While it may seem like the spring marathon season has just got into full swing, it’s already time for marathoners to start mapping out their plans for fall. It’s hard to believe we’re already just outside the 20-week window for major events like the TCS Toronto Waterfront Marathon (Oct. 15) and Chicago Marathon (Oct.8). Even if you’re looking to run a late-autumn marathon like New York City (Nov. 5), you can’t afford to drag your feet when organizing your running calendar. Here are a couple of things to consider when scheduling the official start to your fall marathon training.
Assess your current fitness level
A general guideline for marathon preparation is to dedicate 16 to 20 weeks to training before the big day. Your current fitness level becomes an important factor in where you fall on the spectrum; for runners who already have a spring marathon under their belt this year, 16 weeks of training should be more than enough of a buffer, provided your weekly mileage hasn’t gone into a prolonged tailspin after you finished your spring event. That would put the start of training for early-October marathons like Chicago and Toronto at mid-June, and mid-July for early-November marathons like New York.
First-time marathoners, or those who have gone months without consistently hitting 25 km per week, have much less of a buffer. They should plan to start training (gulp!) now, and certainly by the last week of May week for an early October marathon, and the last week of June for early November events.
Build your mileage wisely
Making sure to give yourself time to build your mileage slowly and safely is crucial to making it through marathon training without a potentially sidelining injury. Depending on your current weekly mileage and your peak weekly mileage target during training, making time for incremental distance increases could sway the length of your training schedule.

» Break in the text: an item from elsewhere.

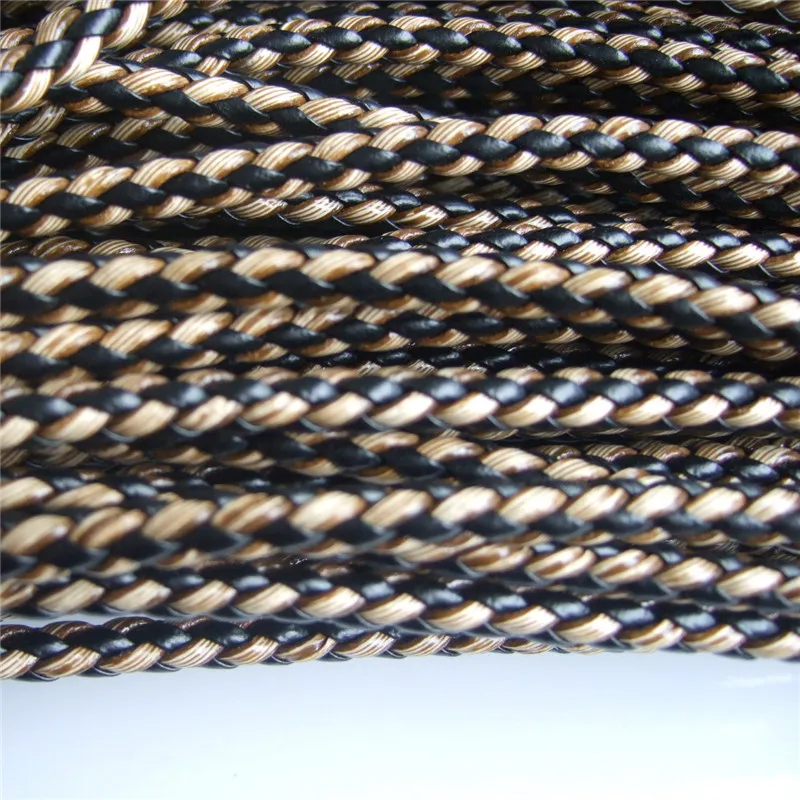 Модная бижутерия 5 метров 4 цвета на выбор Круглый Плетеный кожаный шнур из ПУ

If you’re an experienced runner with a very high peak-mileage target like 120 km per week, and you currently weekly mileage is 25 km per week, the 16-week window for experienced runners won’t be long enough. The rule of thumb is to make sure not to increase your mileage more than 10 per cent from one week to the next, or the distance of your long run by more than 10 per cent. You’ll also lessen the risk of injury by keeping your long run to 25 per cent or less than the total distance you run in any given week.